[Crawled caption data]
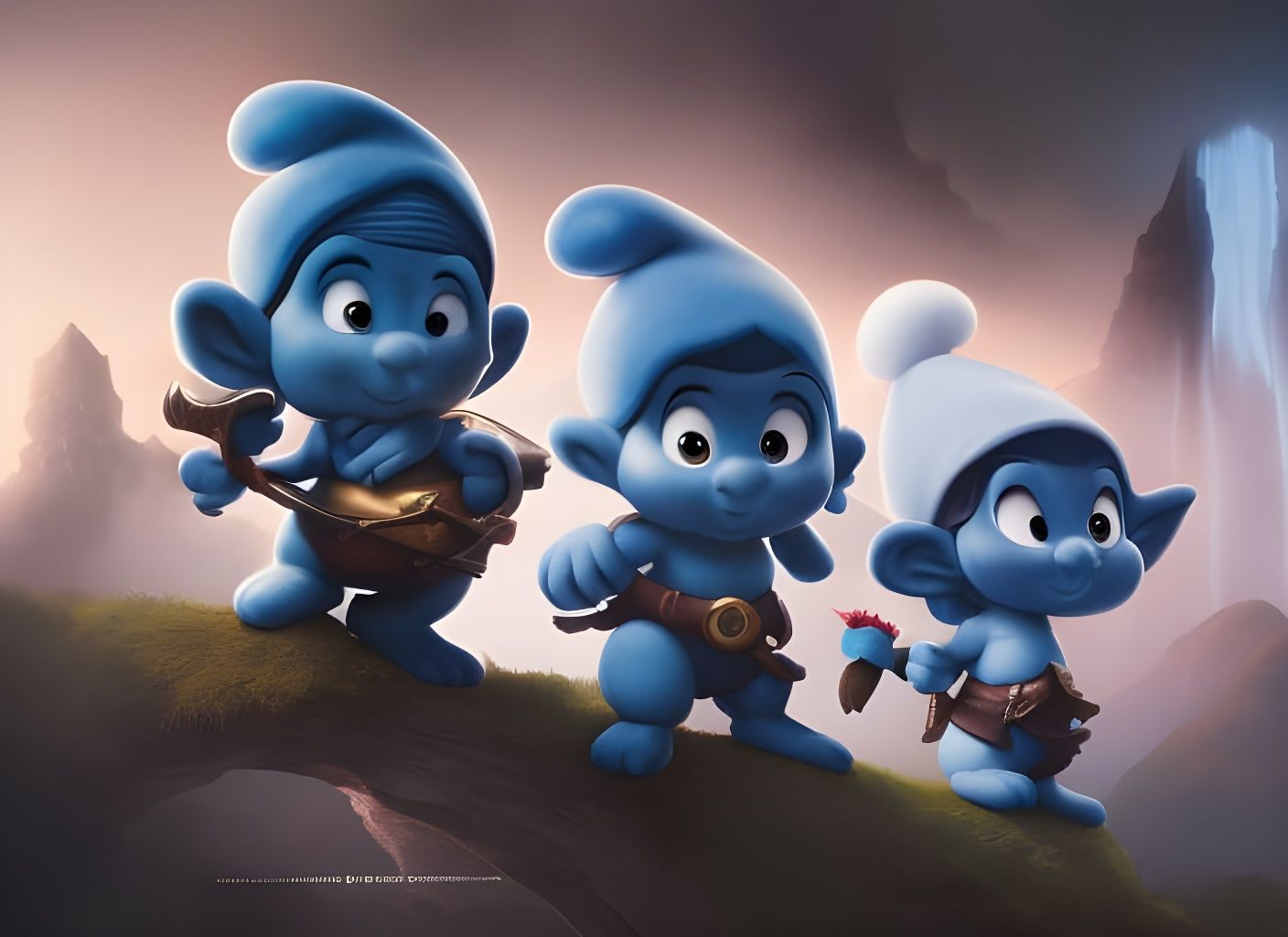 Smurfs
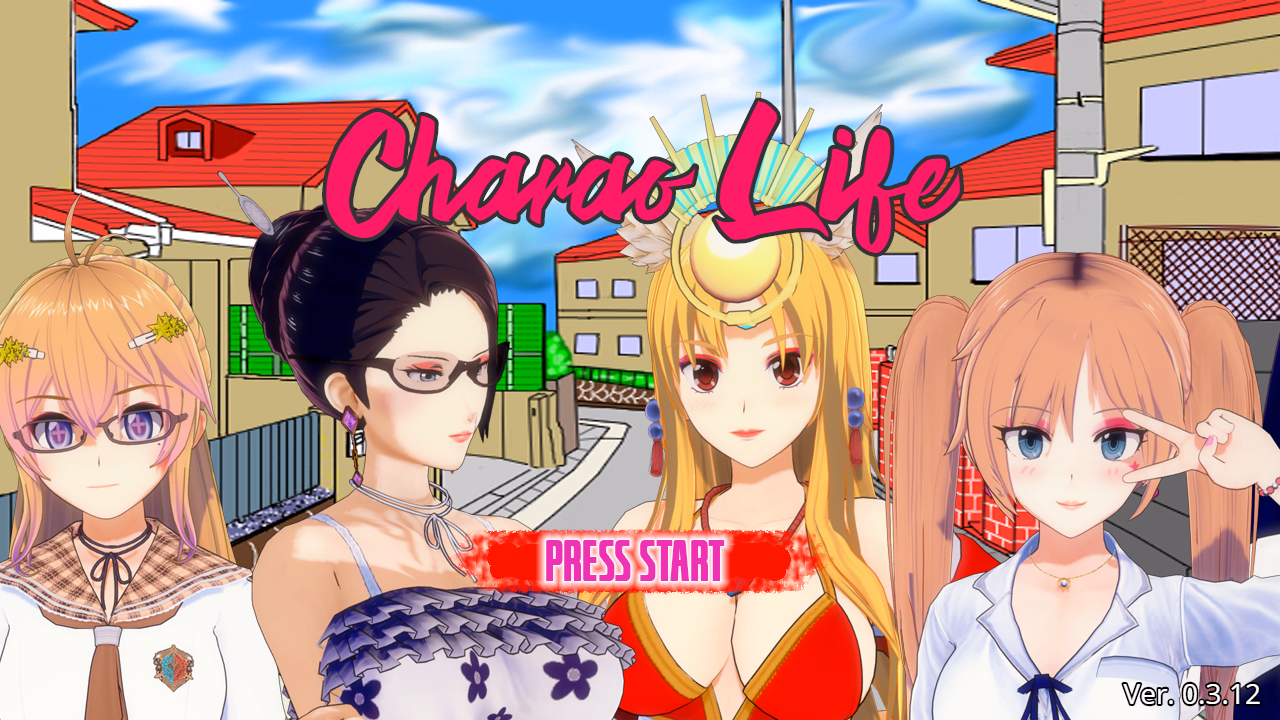 RPGM Abandoned Charao Life! [v0.6.15] [TripleSevenRPG] download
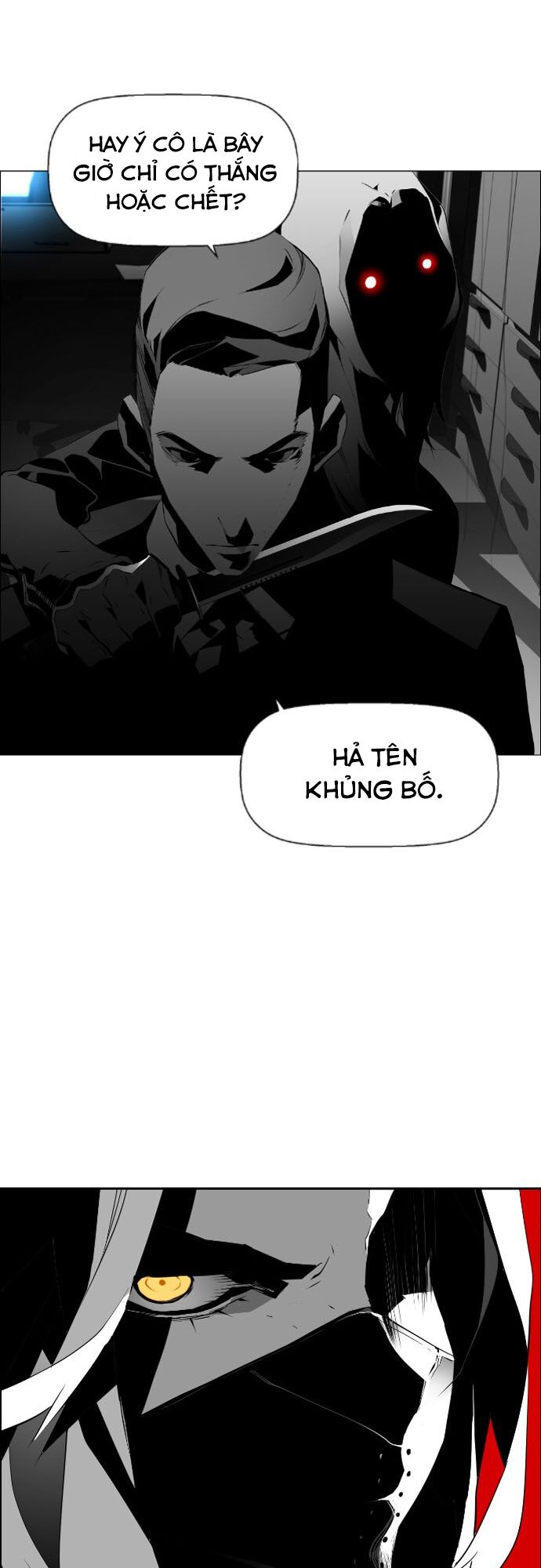 Kẻ Khủng Bố Chapter 61 - Trang 57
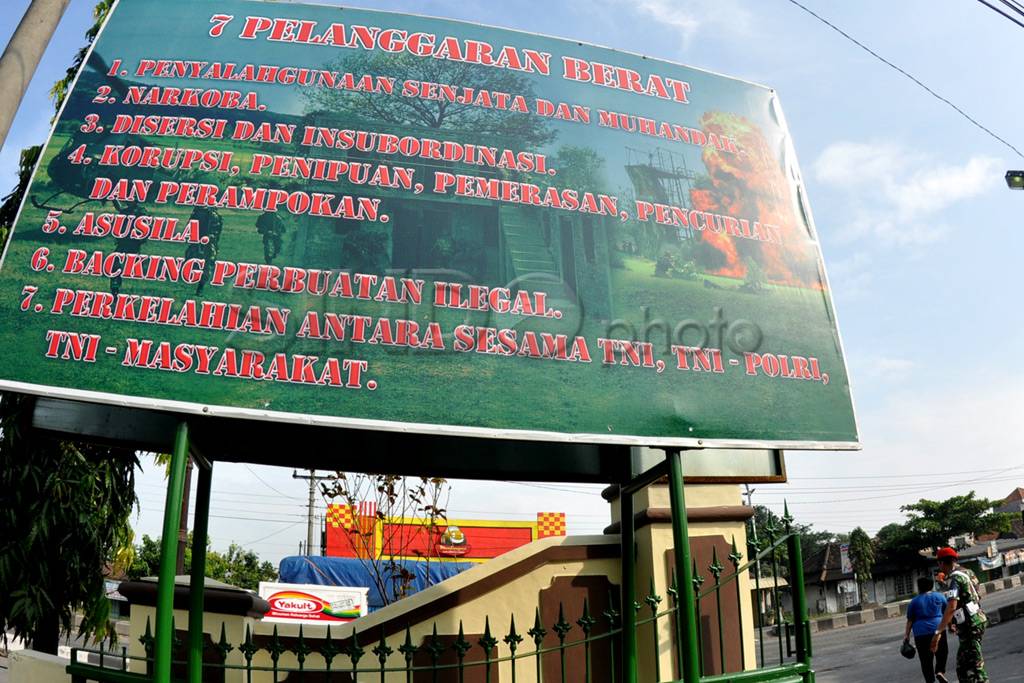 Kopassus belum beri...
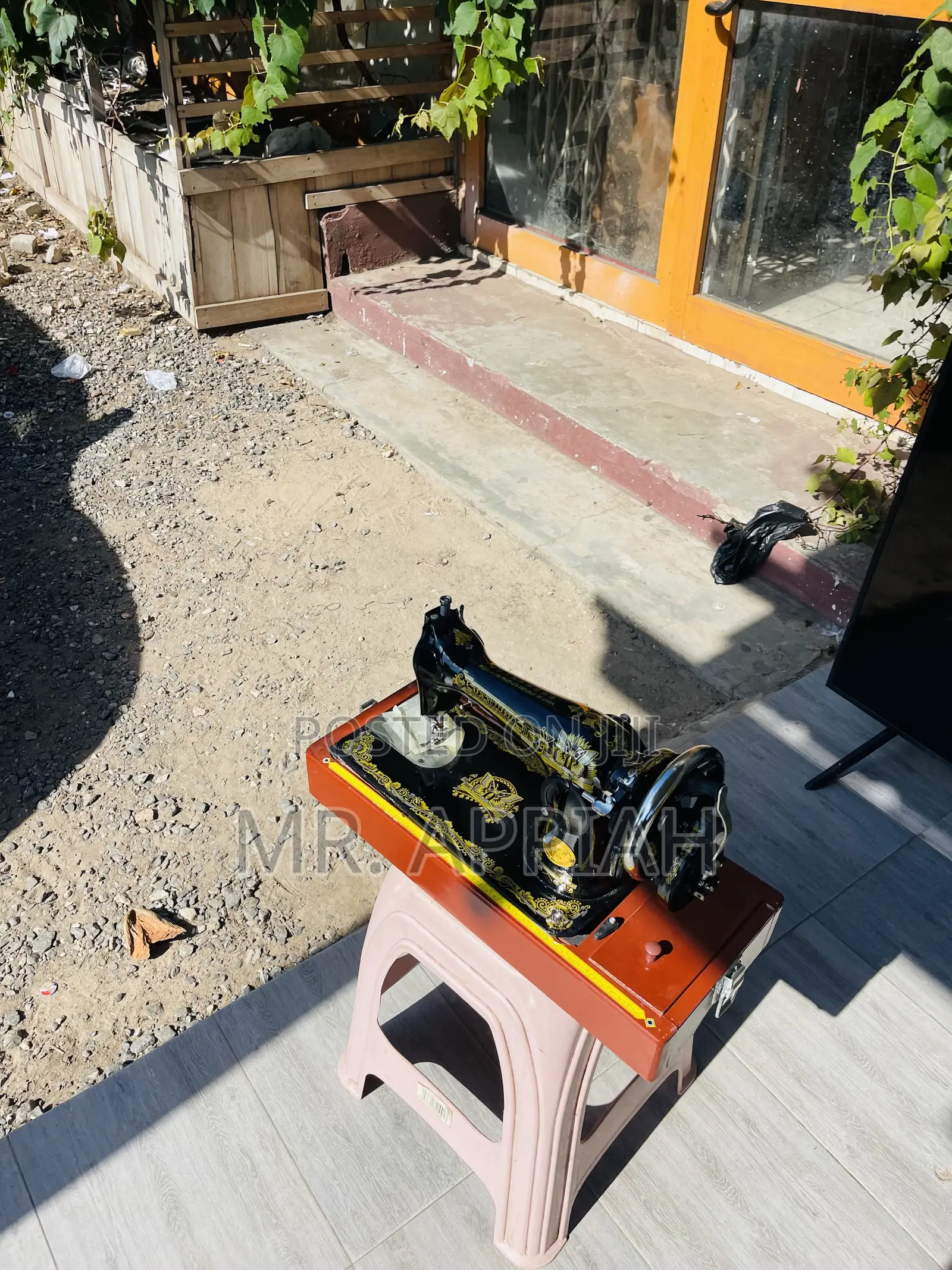 Energy Saving Hand Sowing Machine.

▶ _Work order_: Please transcribe word for word the lines from the one bearing "RPGM Abandoned Charao Life! [v0.6.15]" through the last line of the records above, omitting the pictures.

▶ _Exercise solution_:
 RPGM Abandoned Charao Life! [v0.6.15] [TripleSevenRPG] download
 Kẻ Khủng Bố Chapter 61 - Trang 57
 Kopassus belum beri...
 Energy Saving Hand Sowing Machine.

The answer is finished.